Following the arrest and guilty plea of Bernard Madoff the New York Courts appointed Irving Picard to act as liquidator of Bernard L Madoff Investments Securities LLC (BLMIS), the principal company at the centre of the now infamous Ponzi investment scheme. Picard was interested in the strong links between Madoff's offices in New York and London and, in particular, irregularities in communication between them. This apparently included a ban being imposed on London staff communicating with the New York office through company email.

To assist with the investigation Picard and the joint provisional liquidators, appointed in respect of UK affiliates of BLMIS, made an application to the High Court in London seeking authority to transfer information (including personal data) held by UK companies linked to BLMIS to the US liquidators.

Under the DPA, personal data cannot be transferred to countries outside the European Economic Area (EEA) that do not provide 'adequate' protection for that data. The US is not currently sanctioned as providing such adequacy. However there are exceptions to this general rule, including (a) where the transfer is in the public interest or (b) is necessary in connection with any legal proceedings, including prospective legal proceedings.

In this case, the High Court ruled that both exceptions to the general rule applied. In relation to the public interest exemption Mr Justice Lewison stated:

"I am satisfied that it is in the public interest for an alleged fraud on this scale and of this complexity to be investigated, and on the evidence before me I am therefore satisfied that transfers of the information scheduled to the draft order are necessary for reasons of substantial public interest."

In finding that the exception in respect of legal or potential legal proceedings allowed the transfer of the information Mr Justice Lewison stated that the unravelling of the fraud "will undoubtedly involve legal proceedings."

This ruling appears to indicate that where there is clear criminal activity involved, the Courts will take a wide view of the derogation under the DPA so that data may be released to a third country.

Obviously, publicity surrounding the Madoff fraud, its scale and impact on the financial world was influential here.
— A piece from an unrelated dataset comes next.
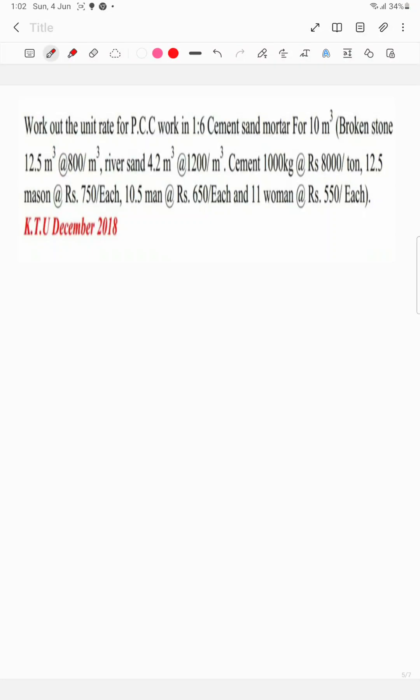Unit rate for PCC work in 1 is to 6 cement sand mortar for 10 m³. Broken stone 12.5 m³ at 800 per m³, river sand 4.2 m³ at 1200 per m³, cement 1000 kg at Rs 8000 per ton, 12.5 m³ at 750 per m³, 10.5 m³ at 650 per m³ and 11 m³ at 550 per m³.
At the same time, the UK Court was still reluctant to relinquish legal control of the process going forward. Picard and the joint provisional liquidators had included in their application a request for the Court to grant them discretion to send further information to the US liquidators if it became necessary, effectively providing carte blanche to pass any personal data they wished to the US. Mr Justice Lewison rejected this application stating, "I do not think that the Court should make a blanket order of this kind without knowing what it is being asked to authorise."